Peter Puget (1765 – 31 October 1822) was an officer in the Royal Navy, best known for his exploration of Puget Sound, which is named for him.

==Midshipman Puget==
Puget's ancestors had fled France for Britain during Louis XIV's persecution of the Huguenots. His father, John, was a successful merchant and banker, but died in 1767, leaving Puget's mother, Esther, with two sons and three daughters. In 1778, twelve-year-old Peter entered the navy as a midshipman and served on the following ships:

- 1778: HMS Dunkirk, an ageing 60 gun two-decker, Captain John Milligan. Harbour service.
- December 1779: HMS Syren, frigate, Captain Edmund Dodd. Patrolled North Sea, battling blockade runners.
- 1780: HMS Lowestoffe, 32, Captain Edmund Dodd, (transferred from Syren); bound for the West Indies squadron. There, Puget served with a small force of naval gunners reinforcing the garrison at St. Kitts, and survived the defence of Brimstone Hill against the vastly superior forces of French Admiral de Grasse (see Battle of St. Kitts). Probably served in Rodney and Hood's victory of 12 April 1782 at the Battle of the Saintes.
- November 1782: HMS Thetis, 38, Captain John Blankett; Gibraltar and Mediterranean
- 1783: HMS Europa, 50, Captain James Vashon, flying the broad pennant of Commodore Alan Gardner; service in Jamaica. Met then-Lieutenant George Vancouver. Paid off in 1787.
- 1787: Rejoined Captain Dodd on the Lowestoffe, but within two months, that was paid off too.
- 1788 (?): East Indiaman Prince

==Lieutenant Puget and the Discovery==

Upon returning to Britain, Puget was assigned to HMS Discovery, temporarily as a master's mate, and then commissioned as her 3rd lieutenant on 11 June 1790
to assist in its fitting out for an exploration of the South Pacific. During the Nootka Crisis, however, it was used as a depot vessel. When the crisis ended with the Treaty of Nootka Sound, the mission changed; the first priority was to physically accept possession of the Sound from the Spanish. An accurate survey the North American Pacific Coast, and other surveys, were important secondary missions. Because the Admiralty, following the Mutiny on the Bounty incident, had ordered, as a precaution against mutiny, that ships no longer make such long voyages alone, the armed tender HMS Chatham was assigned to the expedition, and HMS Daedalus was to bring supplies a year later.

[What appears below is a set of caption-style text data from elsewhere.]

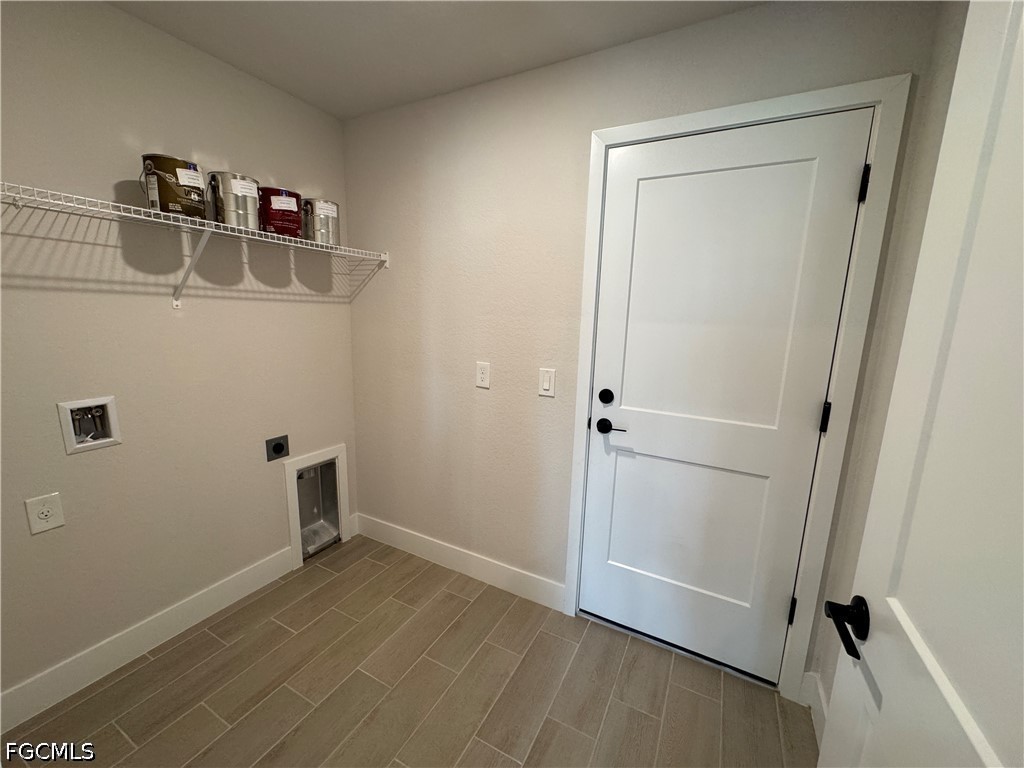 4 Bed SingleFamilyResidence for Sale in Cape Coral, FL — photo 8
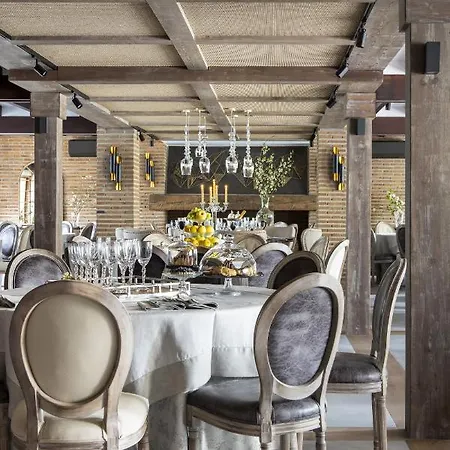 Hotel Boutique Gastronomico Rosales - Singular's 4*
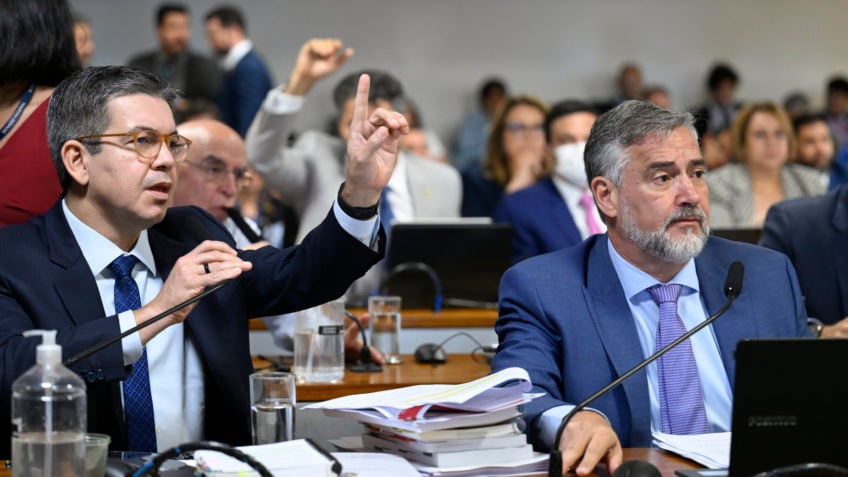Acordo frustrado e discussão marcam início da CPI do INSS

In 1791, Discovery and Chatham sailed to Cape Town, Australia, Tahiti and the Sandwich Isles before starting a detailed survey of the Pacific North American coast, from the Columbia River to Alaska. Many features were named after friends or persons of influence. When it was hoped that the Georgia Strait and Admiralty Inlet might lead to the Northwest Passage, Vancouver anchored the ships near modern-day Seattle, Washington and sent Puget in command of two rowing craft to survey south (20–27 May 1792). In recognition of Puget's work, Vancouver named the south end Puget Sound (what we now call the South Puget Sound); it is unlikely that either man realized this name would encompass the whole region over time. Puget was also involved in the exploration by small boat of the Columbia River under the command of Chatham's captain, William Robert Broughton; Puget's name was applied to the tiny Puget Island opposite the Indian village at Cathlamet.

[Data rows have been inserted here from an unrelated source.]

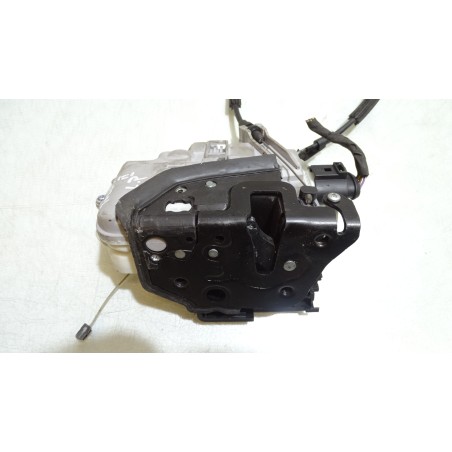 ZAMEK LEWY PRZÓD DRZWI SEAT TOLEDO III 2.0TDI 6010-10-015441P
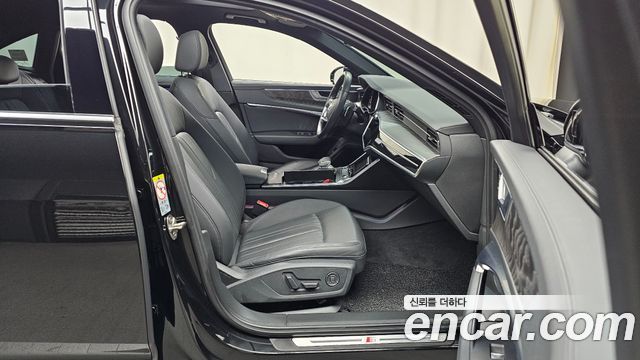 Audi A6 2021 — photo 16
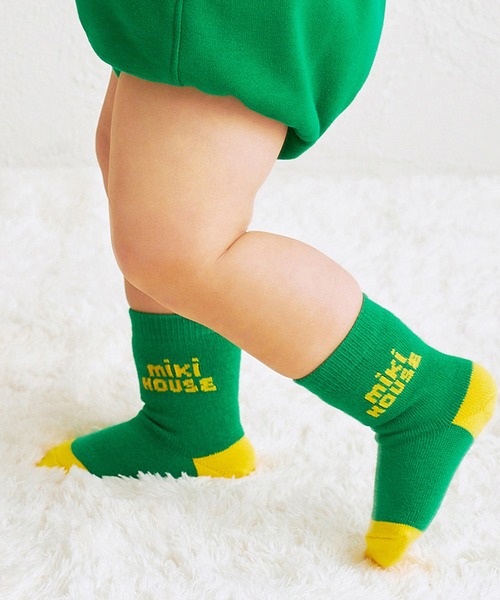 MIKI HOUSE（ミキハウス）の「【WEB限定】ロゴソックス（11cm－23cm）（ソックス/靴下・キッズ・レッド/サックスブルー/イエロー/ネイビー/ホワイト/レッド系その他/ライトグリーン/ピンク/グリーン・17cm/15cm/13cm/11cm/21cm/19cm/13-15cm/15-17cm/17-19cm/19-21cm/21-23cm/11-13cm）」の3枚目の写真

Puget was given command of Chatham when her first captain, Broughton, was sent with dispatches back to England with instructions to request further clarified orders from Admiralty as regarded the Crown's position on territorial negotiations with the Spanish.

==Commander and captain==
While only a lieutenant-in-command of Chatham, Puget served with distinction for the rest of the survey. He assisted Vancouver in negotiations with the Spanish at Nootka Sound. In 1795, the two-ship squadron returned to England by way of Cape Horn, capturing a Dutch East Indiaman along the way. Once home, Puget was confirmed in the rank of Commander.

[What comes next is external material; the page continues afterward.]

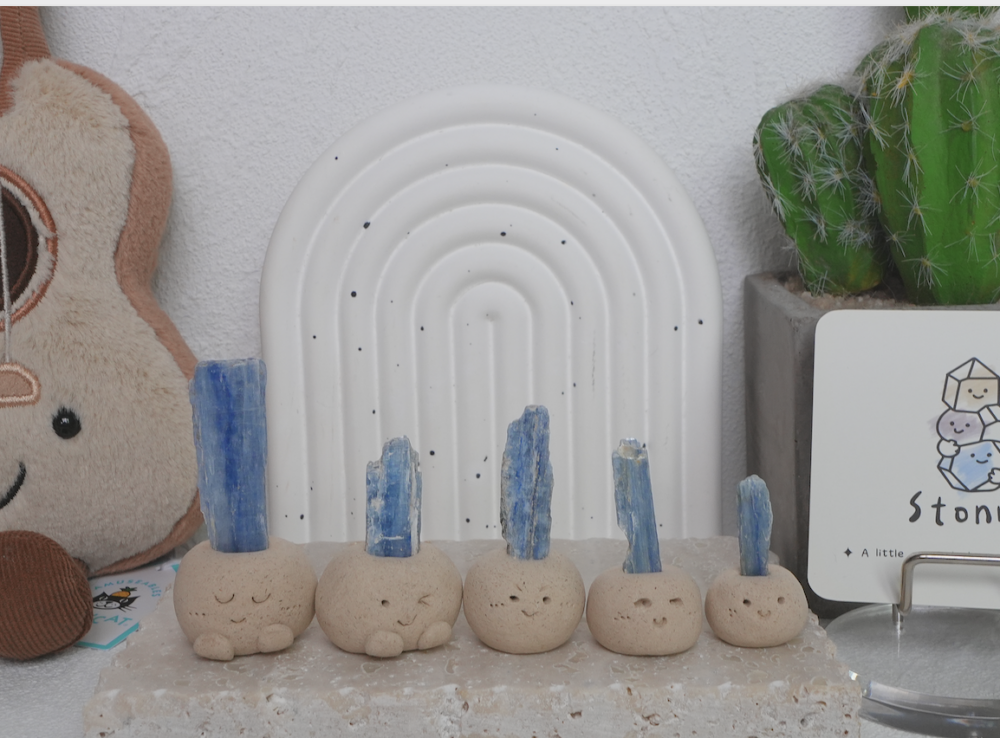 淺藍晶石 石頭泥 |淺藍晶石 石頭泥|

In February 1796, Commander Puget was given the tiny Adelphi with which to protect a supply convoy to Gibraltar. To protect the return convoy, he fitted out an armed freighter, the Esther, using his own funds. On the return voyage, he captured a Spanish merchantman and sent it ahead with a prize crew. Then his convoy was attacked by French frigate La Bellona, and Puget interposed his tiny vessel to let the other ships flee. Puget then bribed the French captain (pointing out that he was unlikely to collect much in prize money) and brought his command home. The British Admiralty found a way not to pay Puget prize money on the merchantman, although it did cover his expenses, including the bribe.

In 1797, Puget was given command of the sloop-of-war HMS Raven and joined the fleet of Sir John Jervis. Jervis put him in charge of the San Nicholas, a Spanish ship-of-the-line, still crewed by Spaniards; Puget suppressed a mutiny and delivered the crew to Lisbon.

- 1798: Captain of troopship HMS Van Tromp
- March, 1799: Flag captain for Admiral James Whitshed on HMS Temeraire, 98.
- 1800: Captain of ship-of-the-line HMS Monarch, 74; served with the Channel Fleet until she was paid off in 1802, following the Peace of Amiens
- 1804: Flag captain for Rear Admiral Sir Thomas Graves on HMS Foudroyant, 80; served in Channel blockade until seriously injured in 1805; sent home to recover.
- February 1807: Captain of ship-of-the-line HMS Goliath, 74.

In 1807, Puget played a decisive role at the Second Battle of Copenhagen. He led an inshore squadron of shallow-draft vessels (including two bomb ketches) to disable the Danish gunboats and to cover the army's seaward flank in a manoeuvre similar to Nelson's action in the First Battle of Copenhagen. However, British public reaction to the second attack was unfavourable, since it was an attack on a neutral country; no fame was attached to Puget's success.

==Shore career==
- 1809: At the request of Admiral Sir Richard Strachan, Puget planned and assisted in the successful amphibious invasion of the Dutch islands of Walcheren and Vlissingen.
- 1810–1817: Commissioner of the Navy at Madras. He supervised naval affairs throughout much of India, fought the corruption endemic to supply practices, and developed the new naval base at Trincomalee.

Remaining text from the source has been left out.